Public satisfaction with President Aquino’s performance continued to slide in June, a week before he enters the second year of his presidency when he is due to deliver his second State of the Nation Address.
The decline in his public opinion poll ratings is a wake-up call for the President to jazz up his lackluster performance before the slump develops into a free fall. It is also a warning to him that bashing the Arroyo administration for its corruption cases, which was the focus of his government’s “straight path” campaign, has lost steam as a strategy to win continuing public support.
The results of latest survey of the Social Weather Stations from June 3 to 6, published by BusinessWorld, showed that the President’s performance rating dropped to merely “good” from “very good,” compared to his ratings in March and November last year. The results put the President’s satisfaction rating +46, with 64 percent of respondents indicating approval and 18 percent indicating disapproval. The rating was down from “very good” last March, when the President got a net score of +51 (69 percent satisfied, 18 percent dissatisfied), a rating that was already down from his best rating of +64 recorded in November 2010, six months after his election. The results indicate that the President’s rating has been sliding, although not yet cascading down the slope.
Presidential mouthpieces downplayed the continuing decline, with some officials noting that this was limited and national dissatisfaction did not increase. An apparently pro-administration commentator made the banal observation that the results were expected as “the honeymoon is over,” something other commentators had earlier noted. A Malacañang statement took consolation from the thought that the drop was not “massive,” but the greatest relief Palace propagandists derived from the ratings was cold comfort.
Respondents in Metro Manila gave the President a “good” net rating of +43, like the rest of Luzon at +48. The President got a “very good” rating among respondents in the hinterlands, in the Visayas and Mindanao, flashing the historical pattern that disenchantment with the administration starts in the national capital and the regions close to it. The results showed the President with a “very good” rating in the Visayas at +51, and also in Mindanao where he scored +54.
Net satisfaction in rural areas fell by eight points to “good” at +47, and urban net satisfaction remained “good” at +45 but fell by two points from +47.
Among the ABC class the President’s net rating rose by nine points to a “very good” +58 from the “good ” +49 in the previous quarter. But whatever gains he made in the ABC class were offset by the drop of his ratings in the D class. The results showed a seven-point fall from the “very good” +51 three months earlier.

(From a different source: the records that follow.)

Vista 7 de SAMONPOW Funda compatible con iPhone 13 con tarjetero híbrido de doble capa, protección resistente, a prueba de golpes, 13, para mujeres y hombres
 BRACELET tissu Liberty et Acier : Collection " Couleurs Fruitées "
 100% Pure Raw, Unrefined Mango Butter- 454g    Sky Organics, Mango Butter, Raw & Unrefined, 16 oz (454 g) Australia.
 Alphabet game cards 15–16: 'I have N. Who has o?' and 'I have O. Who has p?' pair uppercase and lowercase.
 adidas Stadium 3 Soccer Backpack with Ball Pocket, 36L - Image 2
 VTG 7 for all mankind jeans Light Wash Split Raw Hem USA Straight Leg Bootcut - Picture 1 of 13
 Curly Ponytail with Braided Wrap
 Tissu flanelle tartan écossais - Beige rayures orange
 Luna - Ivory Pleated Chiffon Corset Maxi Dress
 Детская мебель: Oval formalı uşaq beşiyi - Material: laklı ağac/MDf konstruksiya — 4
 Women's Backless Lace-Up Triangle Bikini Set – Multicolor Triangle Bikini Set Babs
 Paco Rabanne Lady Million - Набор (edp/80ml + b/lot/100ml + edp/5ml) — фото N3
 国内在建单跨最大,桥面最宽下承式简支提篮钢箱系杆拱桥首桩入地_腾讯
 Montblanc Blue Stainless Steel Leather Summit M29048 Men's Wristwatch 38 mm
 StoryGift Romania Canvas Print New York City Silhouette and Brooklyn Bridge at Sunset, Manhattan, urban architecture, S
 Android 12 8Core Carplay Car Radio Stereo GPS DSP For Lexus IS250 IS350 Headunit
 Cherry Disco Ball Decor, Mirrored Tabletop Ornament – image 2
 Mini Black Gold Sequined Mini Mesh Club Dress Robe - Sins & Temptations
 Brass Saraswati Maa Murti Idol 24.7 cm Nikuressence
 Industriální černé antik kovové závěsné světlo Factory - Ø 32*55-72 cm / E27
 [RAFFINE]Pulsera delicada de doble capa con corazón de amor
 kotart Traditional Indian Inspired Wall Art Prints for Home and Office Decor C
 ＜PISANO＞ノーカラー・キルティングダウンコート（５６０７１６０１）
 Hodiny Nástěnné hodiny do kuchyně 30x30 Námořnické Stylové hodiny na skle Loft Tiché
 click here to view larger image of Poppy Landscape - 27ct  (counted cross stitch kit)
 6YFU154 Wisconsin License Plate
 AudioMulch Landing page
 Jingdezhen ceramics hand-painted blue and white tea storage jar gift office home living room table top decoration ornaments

In class E, satisfaction fell by two points to a “good” +48.
Presidential Spokesman Edwin Lacierda said the survey results were “better than expected.” He pointed out that the overall five-point decline was slower than the 13-point fall between November and March 2011.
But the continuing decline of the President’s net satisfaction rating represents a downhill trend and there was nothing to show in the results that the trend was being reversed. There is no basis for Lacierda to gloat that “We have arrested the decline from the drop in the last quarter when it was a huge 13 points.”
Lacierda also claimed that while the President’s nationwide satisfaction ratings have “slightly dipped,” the figure remained in the “good range.” He added, “It is also noteworthy that the level of dissatisfaction did not increase nationally, remaining at 18 percent.”
There are explanations that say the still “very good” ratings among the ABC class and urban class could be partly attributed to their satisfaction over the strong campaign of the administration through the news media of alleged wrongdoings in the Office of the Ombudsman. But the fact is that the initially “very good” ratings of the President, presumably due to his “straight path” campaign against corruption, have been eroded by shortcomings of the administration in delivering results on other issues, including inflation and alleviation of poverty.
Now that there are no new corruption cases blamed on the past administration to bash, the government has to create new demons. It has to show that it has more to offer than flogging dead horses.
The corruption cases involving the previous administration require a new push to be kept alive in the public consciousness. But the Aquino administration is beginning to be embroiled in the new issue of an emerging cronyism among officials close to the President. The opposition has started a move to investigate charges of alleged cronyism practiced by the President with officials close to him, identified as his classmates and shooting range buddies.
These charges were an upshot of the resignation of Jose P. de Jesus as secretary of transportation and communications over the allegedly lenient treatment given by the President to Land Transportation Office chief Virginia Torres, who had been recommended by the Department of Justice for investigation in connection with her intervention in the takeover bid of a company doing business with the LTO. The failure to proceed with the administrative case against Torres, the President’s shooting crony, was reported to have prompted the resignation of De Jesus.
This case has created tensions inside the administration and threatens to erode the credibility of the anti-corruption campaign of the President. This is not the way to arrest the plunge in his ratings.